**EXERCISE DETAILS:**
A word-for-word copy of the listing is what's needed; leave out every image.

**DATA EXCERPT:**
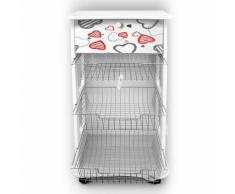Carrello Multiuso Da Cucina In Legno 3 Ripiani Vezzani Hearts Bian...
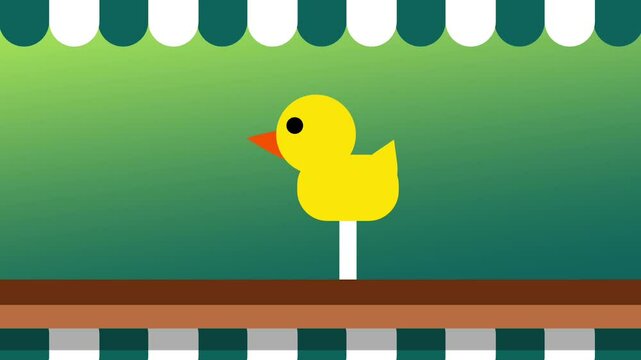 A lone yellow duck sits in the spotlight on a green-blue gradient stage, highlighting the simplicity of the game piece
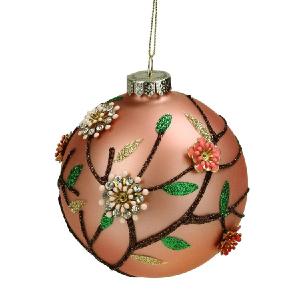 Two-Finish Rose Gold Beaded Floral Glass Christmas Ball Ornament 4" (100mm) Latest Collections Cheap Pice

**TASK SOLUTION:**
Carrello Multiuso Da Cucina In Legno 3 Ripiani Vezzani Hearts Bian...
 A lone yellow duck sits in the spotlight on a green-blue gradient stage, highlighting the simplicity of the game piece
 Two-Finish Rose Gold Beaded Floral Glass Christmas Ball Ornament 4" (100mm) Latest Collections Cheap Pice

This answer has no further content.